News Release

LSU gets to the bottom of things -- in Antarctica

LSU researchers part of team planning to drill through the West Antarctic Ice Sheet and Ross Ice Shelf to explore what lies beneath

Grant and Award Announcement

Louisiana State University

BATON ROUGE – Antarctica has long held secrets of the earth's history locked in its icy depths, and until recently, there has been very little information on the environments that have been sealed beneath miles of ice for millions of years. Now, a team of researchers from nine institutions – including LSU – have been funded to the tune of $10 million dollars by the National Science Foundation, or NSF, to get to the bottom of things – literally. These scientists will drill through the West Antarctic Ice Sheet and Ross Ice Shelf in Antarctica to directly access a subglacial lake and the cavity below the ice shelf.

WISSARD, the Whillans Ice Stream Subglacial Access Research Drilling project, will investigate the physical, chemical and geobiological interactions in subglacial environments poised at the interface of the Antarctic cryosphere, geosphere and global ocean.
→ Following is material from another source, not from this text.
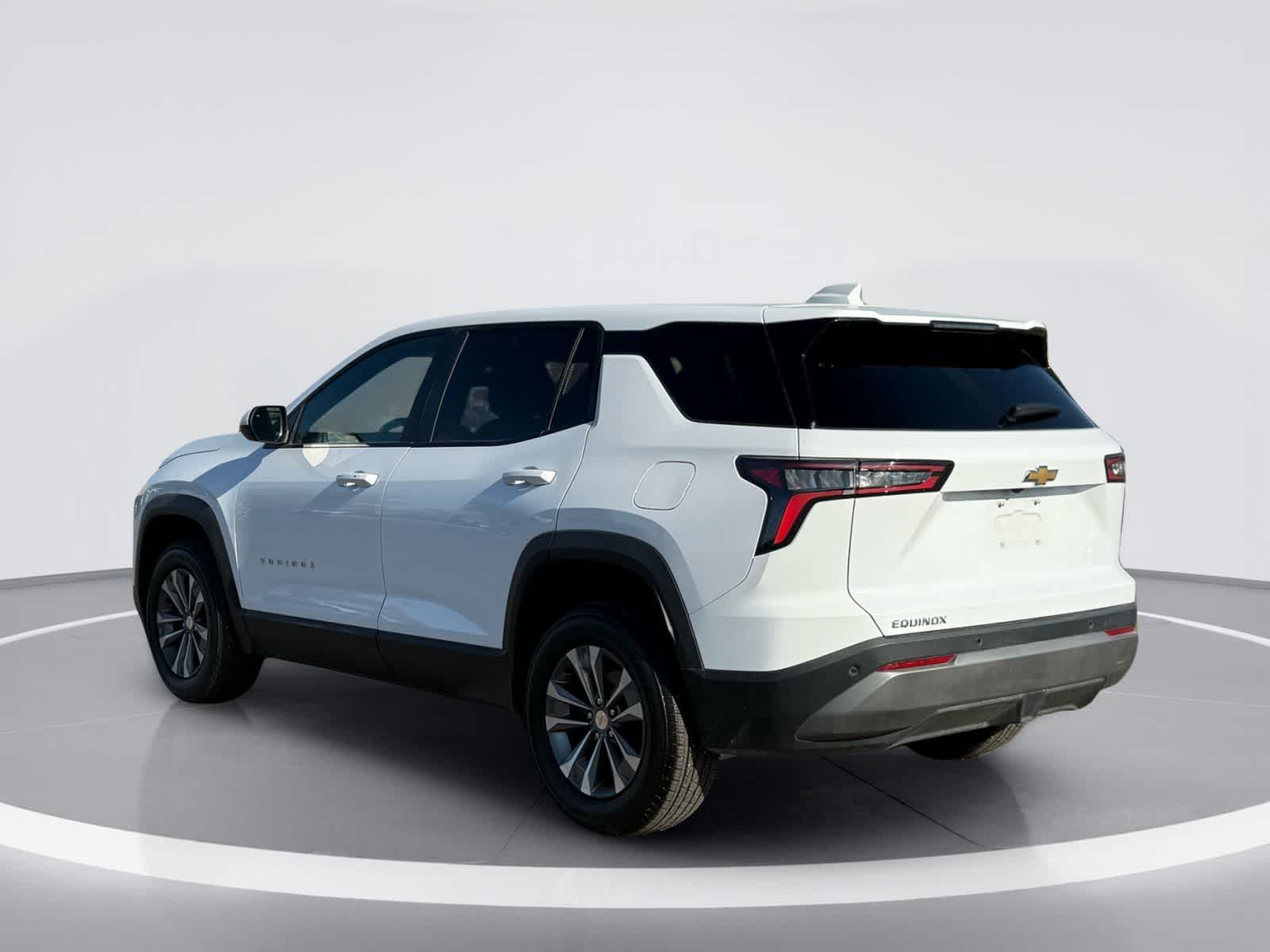 2026 Chevrolet Equinox FWD LT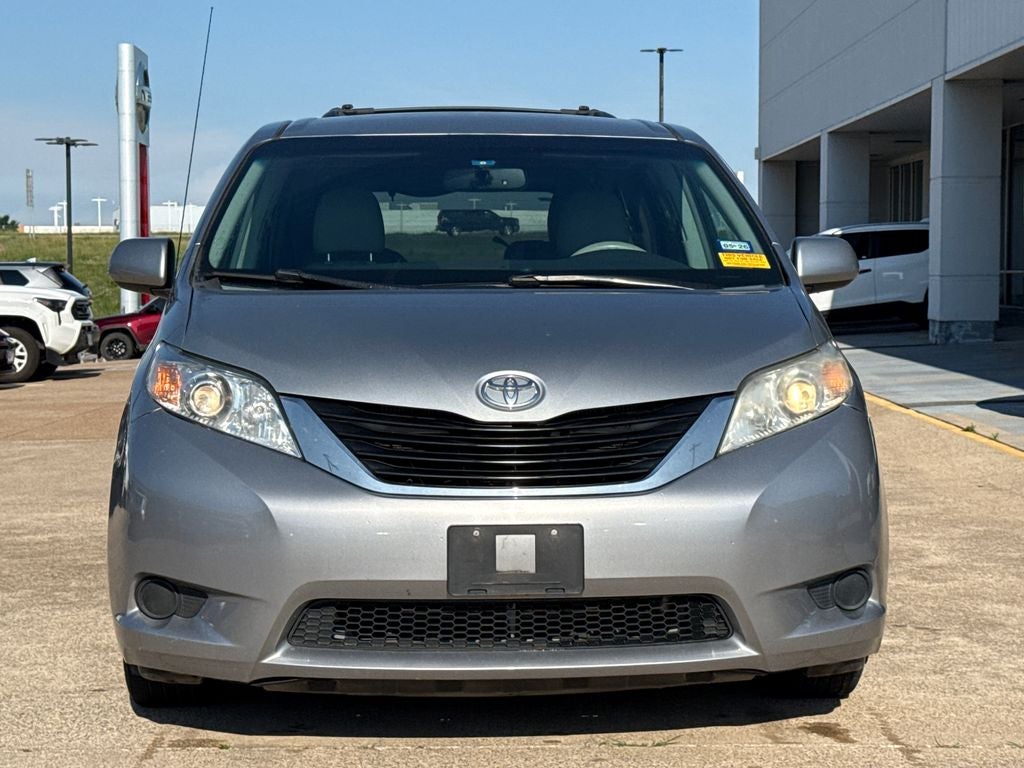2013 Toyota Sienna LE 8 Passenger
LSU will primarily be responsible for one phase of WISSARD known as GBASE, or GeomicroBiology of Antarctic Subglacial Environments, which will focus on the microbes that call this extreme environment home.

"We expect to find novel microbial species and ecosystems in the subglacial hydrological system beneath the Whillans Ice Stream that thrive in permanent cold and darkness," said Brent Christner, LSU assistant professor of biological sciences and a principal investigator for the GBASE program. "Our recent work supports the notion that Antarctic subglacial environments are a habitat for life. The WISSARD project will allow us to study these systems in an unprecedented way."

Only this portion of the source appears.